What’s wrong with this idea (aside from the grossly inadequate value of the proposed vouchers)? One answer is that it wouldn’t work. “Consumer-based” medicine has been a bust everywhere it has been tried. To take the most directly relevant example, Medicare Advantage, which was originally called Medicare + Choice, was supposed to save money; it ended up costing substantially more than traditional Medicare. America has the most “consumer-driven” health care system in the advanced world. It also has by far the highest costs yet provides a quality of care no better than far cheaper systems in other countries.

But the fact that Republicans are demanding that we literally stake our health, even our lives, on an already failed approach is only part of what’s wrong here. As I said earlier, there’s something terribly wrong with the whole notion of patients as “consumers” and health care as simply a financial transaction.

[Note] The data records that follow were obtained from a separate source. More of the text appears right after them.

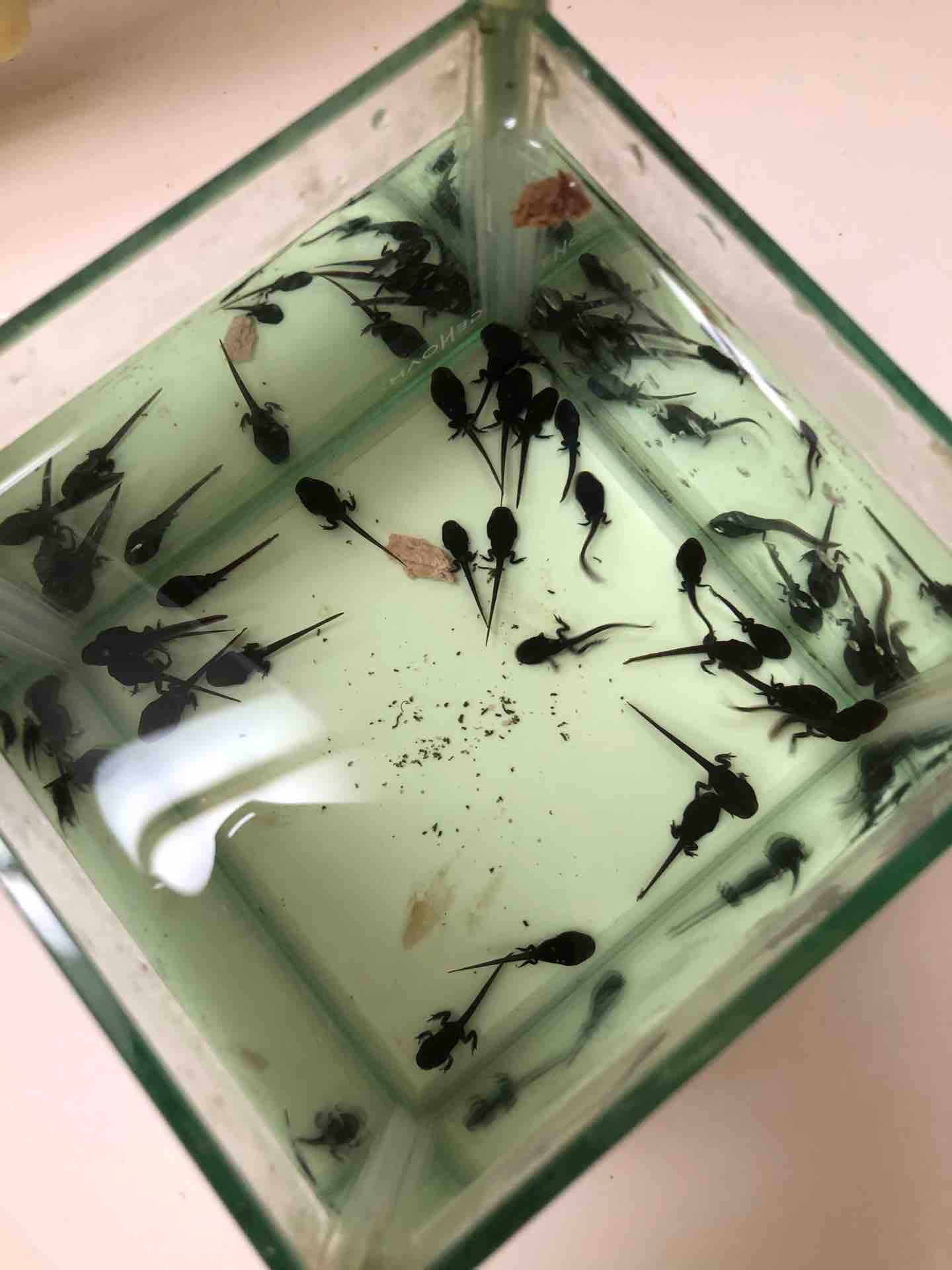 おたまじゃくし 店主雑談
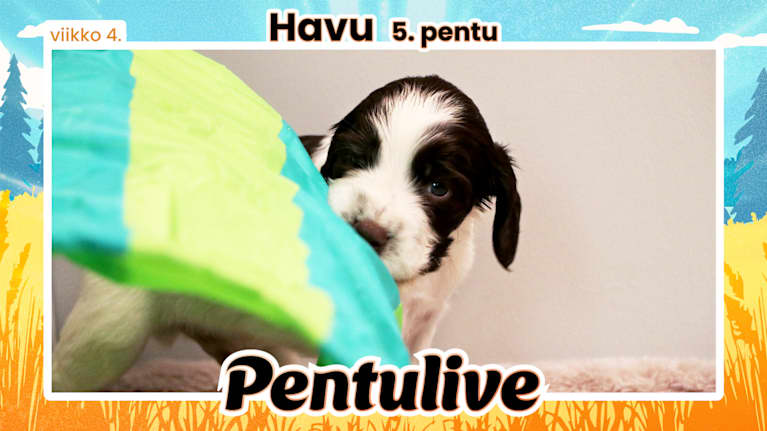 Pentuliven pentupotretti.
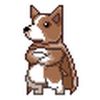 Corgibear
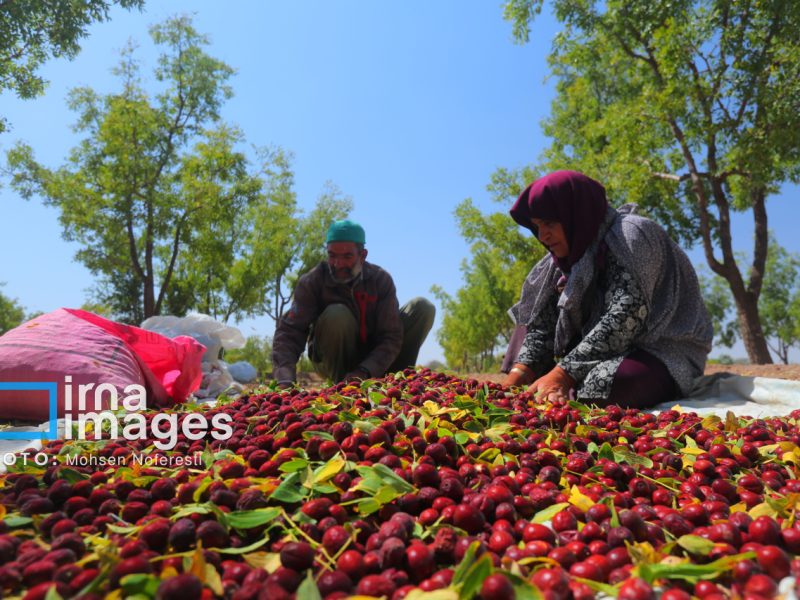 عناب خوسف؛ هویتی شفابخش از میراث ملی تا پیشران اقتصادی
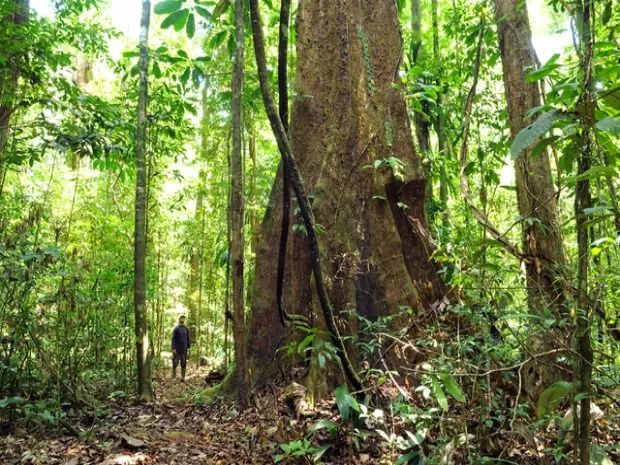 Amapá abriga maior percentual de áreas protegidas do país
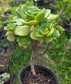 Aeonium Lily Pad Bouquet  (4" Pot)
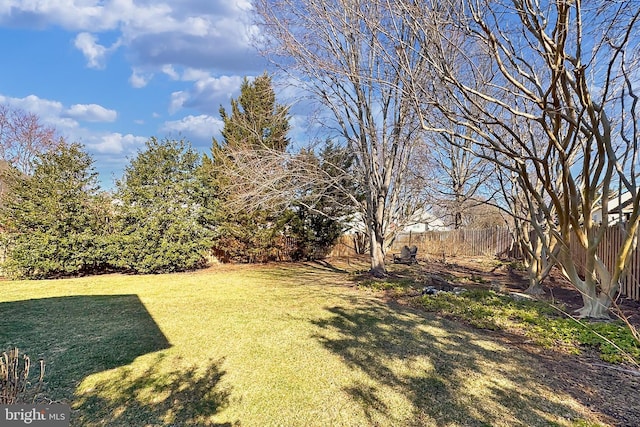 view of yard with a fenced backyard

Medical care, after all, is an area in which crucial decisions ­ life and death decisions ­ must be made. Yet making such decisions intelligently requires a vast amount of specialized knowledge. Furthermore, those decisions often must be made under conditions in which the patient is incapacitated, under severe stress, or needs action immediately, with no time for discussion, let alone comparison shopping.

That’s why we have medical ethics. That’s why doctors have traditionally both been viewed as something special and been expected to behave according to higher standards than the average professional. There’s a reason we have TV series about heroic doctors, while we don’t have TV series about heroic middle managers.

The idea that all this can be reduced to money ­ that doctors are just “providers” selling services to health care “consumers” ­ is, well, sickening. And the prevalence of this kind of language is a sign that something has gone very wrong not just with this discussion, but with our society’s values.

A version of this op-ed appeared in print on April 22, 2011, on page A23 of the New York edition with the headline: Patients Are Not Consumers

ADDENDUM: On April 25, 2011, the Economist published a response to Krugman, entitled "Diagnosing Krugman." My further remarks can be seen, above, in an April 28 post, Why Patients are not Consumers, Part 2."

1 comment:

Sara said...

This is so frustrating. What a good article, thanks for sharing.